> What this task involves:
With the images removed, transcribe the listing that follows exactly.

> Material provided:
▼

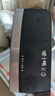 张小泉黑将不锈钢厨房家用刀具 切菜刀 斩切刀 【京东定制】 实拍图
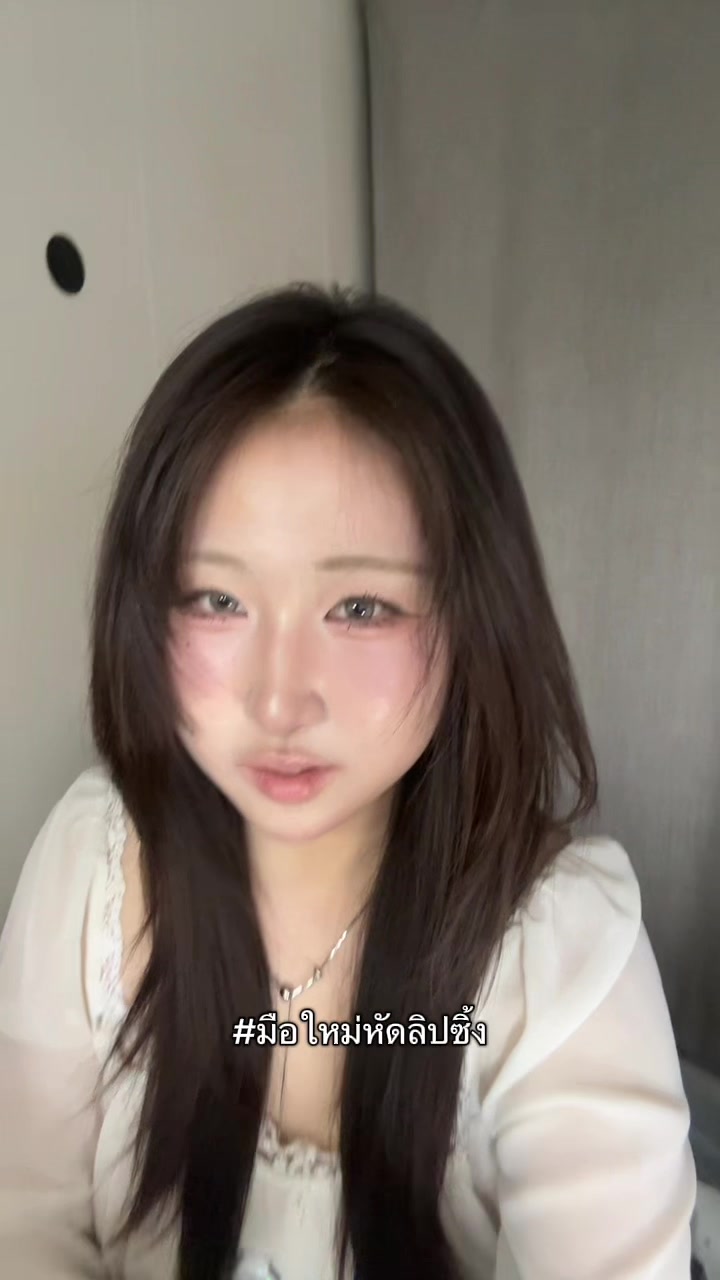 @จ๋าเอง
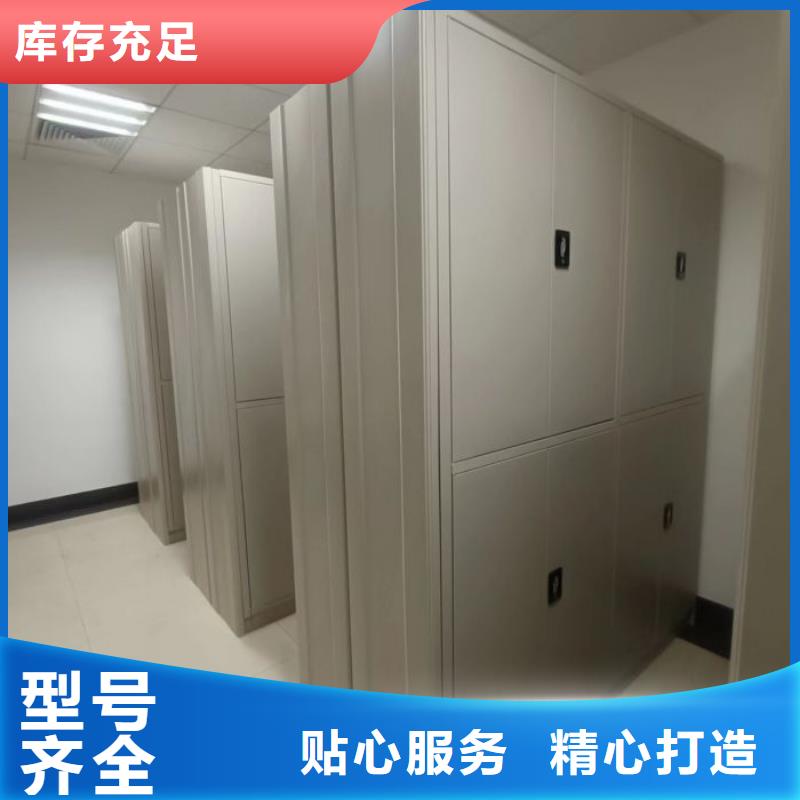 【 移动密集柜-手摇密集架从厂家买售后有保障】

▲

> Exercise solution:
 张小泉黑将不锈钢厨房家用刀具 切菜刀 斩切刀 【京东定制】 实拍图
 @จ๋าเอง
 【 移动密集柜-手摇密集架从厂家买售后有保障】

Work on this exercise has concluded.